Crime author Charlie Donlea has had recurring characters before but The Suicide House is the first book in which he has brought back main characters from a previous book. That book Some Choose Darkness (also called The Woman in Darkness) introduced readers to criminal profiler Lane Phillips and neuro-atypical forensic reconstructionist, cold case savant, Rory Moore. The pair, along with some other previous Donlea characters are back in The Suicide House although it takes a while before they swing into action.
The story starts, as many thrillers do, with a cold open narrated by a psychopath. He recalls how he plotted to and succeeded in killing his brother while making the death look like an accident. The main plot revolves around series of gruesome deaths at an exclusive preparatory school. In the year since those deaths, not only the perpetrator but two of the survivors have committed suicide in similar ways. Mack Carter, has been hired to do a true crime podcast about the case. In doing so he squeezes out small time journalist Ryder Hillier who has also been investigating. Mack seeks the help of Lane Phillips. Lane wants Rory to help but fresh off another case, Rory just need some downtime which she spends repairing old porcelain dolls. Only the draw of the case eventually brings Rory in aswell.
There is plenty going on in The Suicide House, so much so that Lane and Rory often take a back seat to a number of other points of view. But this method allows Donlea to keep readers guessing with a number of suspects in the frame. The list of potential killers only starts to shorten as flashback sections slowly reveal what happened in the lead up to the night of the original killings.

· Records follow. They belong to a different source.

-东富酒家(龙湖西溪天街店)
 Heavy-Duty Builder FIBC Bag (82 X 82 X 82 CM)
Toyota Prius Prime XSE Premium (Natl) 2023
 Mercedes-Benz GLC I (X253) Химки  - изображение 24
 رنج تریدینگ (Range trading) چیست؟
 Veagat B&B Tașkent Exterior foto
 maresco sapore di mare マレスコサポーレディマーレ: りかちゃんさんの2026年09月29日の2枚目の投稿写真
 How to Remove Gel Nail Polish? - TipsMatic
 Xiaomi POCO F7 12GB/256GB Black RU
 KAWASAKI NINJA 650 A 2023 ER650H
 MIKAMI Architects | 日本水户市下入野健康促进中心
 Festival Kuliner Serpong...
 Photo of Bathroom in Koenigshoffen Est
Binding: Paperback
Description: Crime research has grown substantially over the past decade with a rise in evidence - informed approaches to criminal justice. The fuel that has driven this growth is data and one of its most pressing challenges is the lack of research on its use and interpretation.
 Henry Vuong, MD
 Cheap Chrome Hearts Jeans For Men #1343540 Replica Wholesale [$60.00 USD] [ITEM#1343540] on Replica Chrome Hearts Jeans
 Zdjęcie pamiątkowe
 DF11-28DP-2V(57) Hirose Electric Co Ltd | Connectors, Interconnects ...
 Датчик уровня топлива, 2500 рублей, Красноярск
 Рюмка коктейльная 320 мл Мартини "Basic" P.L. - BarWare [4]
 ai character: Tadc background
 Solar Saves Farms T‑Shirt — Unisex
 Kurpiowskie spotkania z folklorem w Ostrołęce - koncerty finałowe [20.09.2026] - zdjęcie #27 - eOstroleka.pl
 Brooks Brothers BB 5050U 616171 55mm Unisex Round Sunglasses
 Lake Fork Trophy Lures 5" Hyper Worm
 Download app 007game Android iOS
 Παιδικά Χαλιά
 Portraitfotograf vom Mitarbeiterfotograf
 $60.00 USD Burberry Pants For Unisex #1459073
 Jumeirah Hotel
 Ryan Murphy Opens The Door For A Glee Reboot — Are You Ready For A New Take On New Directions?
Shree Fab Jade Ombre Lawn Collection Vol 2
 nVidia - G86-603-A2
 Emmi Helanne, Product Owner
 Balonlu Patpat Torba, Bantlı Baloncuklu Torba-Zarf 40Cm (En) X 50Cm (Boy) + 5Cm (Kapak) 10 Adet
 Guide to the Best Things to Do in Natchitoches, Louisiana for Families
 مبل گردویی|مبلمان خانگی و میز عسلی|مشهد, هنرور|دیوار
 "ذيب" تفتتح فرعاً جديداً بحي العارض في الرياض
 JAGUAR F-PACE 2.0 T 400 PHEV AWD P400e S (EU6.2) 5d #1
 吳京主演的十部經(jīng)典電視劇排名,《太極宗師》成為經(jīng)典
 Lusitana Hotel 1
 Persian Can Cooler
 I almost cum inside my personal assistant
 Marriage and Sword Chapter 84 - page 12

But in the end this is a “Moore and Phillips” book. The solution comes from a combination of Rory’s ability to get into the mind of the victims and Lane’s experience and a database that allows him to identify the activities of serial killers. Despite this and connections to other Donlea titles, The Suicide House could easily be read as a stand alone. Donlea helpfully provides a guide at the end of the book to where various characters appear in earlier books for completists.
The Suicide House is another solid crime novel from Donlea. It feels a little more standard than some of his previous books but is still a great example of the genre anchored by a pair of engaging investigators. And has an ending which clearly flags further adventures for the pair.